This data set lists 5102 frequent combinations of verbs and prepositional phrases (PP) extracted from a German newspaper corpus. The collocational status of each PP-verb combination was manually annotated by Brigitte Krenn (2000). In addition, pre-computed scores of several standard association measures are provided.
The KrennPPV
candidate set forms part of the data used in the evaluation study
of Evert & Krenn (2005).
KrennPPV
A data frame with 5102 rows and the following columns:
PP
:the prepositional phrase, represented by preposition and lemma of the nominal head (character).

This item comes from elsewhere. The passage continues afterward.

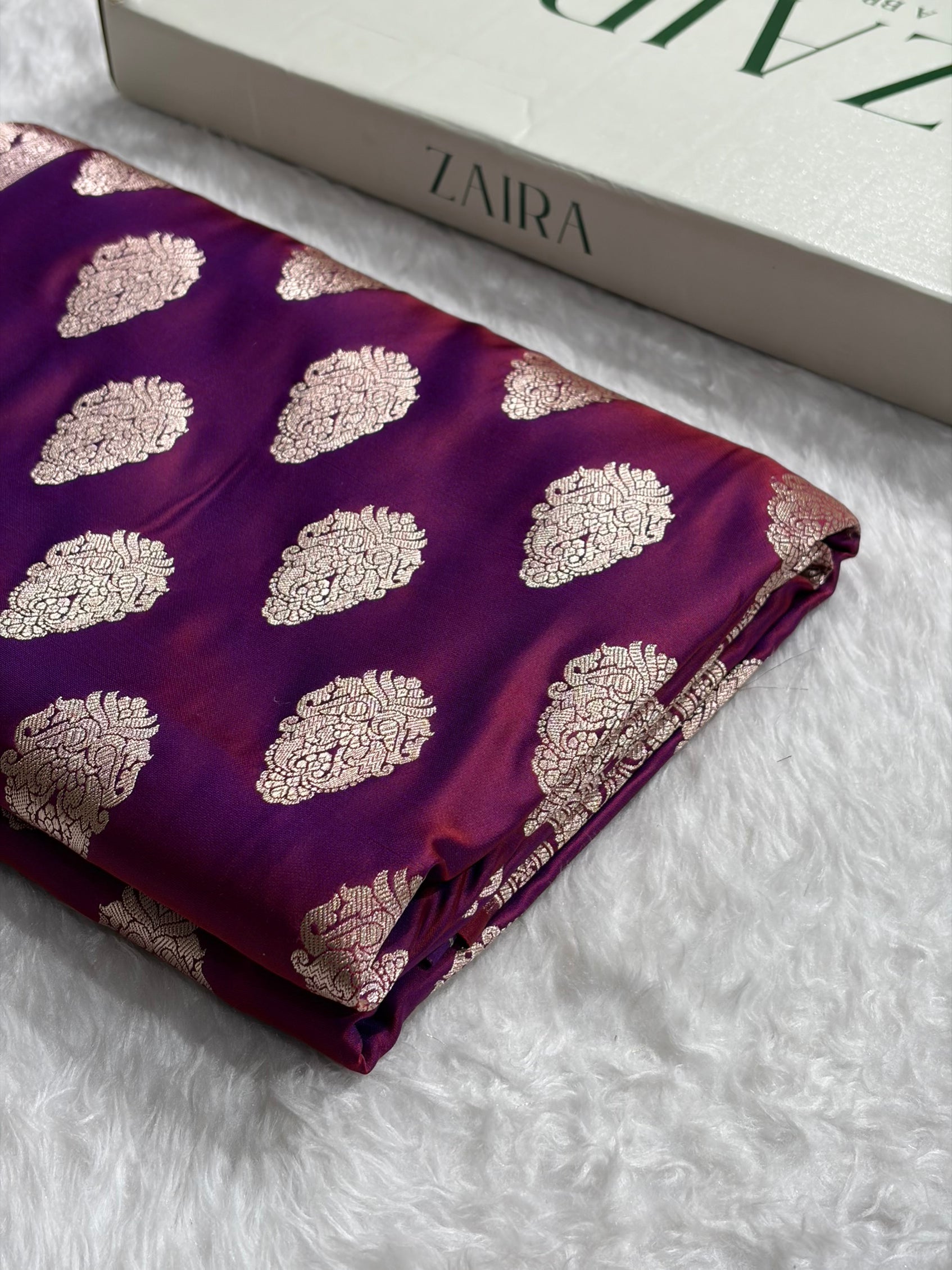 Reddish Magenta Shades Banarasi Boota Pattern Floral Mashru Silk Saree MSM-105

Preposition-article fusion is indicated by a +
sign. For example, the prepositional phrase
im letzten Jahr would appear as in:Jahr
in the data set.
verb
:the verb lemma (character). Separated particle verbs have been recombined.
is.colloc
:whether the PP-verb combination is a lexical collocation (logical)
is.SVC
:whether a PP-verb collocation is a support verb construction (logical)
is.figur
:whether a PP-verb-collocation is a figurative expression (logical)
freq
:co-occurrence frequency of the PP-verb combination within clauses (integer)
MI
:Mutual Information association measure
Dice
:Dice coefficient association measure
z.score
:z-score association measure
t.score
:t-score association measure
chisq
:chi-squared association measure (without Yates' continuity correction)
chisq.corr
:chi-squared association measure (with Yates' continuity correction)
log.like
:log-likelihood association measure
Fisher
:Fisher's exact test as an association measure (negative logarithm of one-sided p-value)
See Evert (2008) and http://www.collocations.de/AM/ for details on these association measures.
Stephanie Evert (https://purl.org/stephanie.evert)
Evert, Stefan (2008). Corpora and collocations. In A. Lüdeling and M. Kytö (eds.), Corpus Linguistics. An International Handbook, chapter 58, pages 1212--1248. Mouton de Gruyter, Berlin, New York.
Evert, Stefan and Krenn, Brigitte (2005). Using small random samples for the manual evaluation of statistical association measures. Computer Speech and Language, 19(4), 450--466.
Krenn, Brigitte (2000). The Usual Suspects: Data-Oriented Models for the Identification and Representation of Lexical Collocations, volume~7 of Saarbrücken Dissertations in Computational Linguistics and Language Technology. DFKI & Universität des Saarlandes, Saarbrücken, Germany.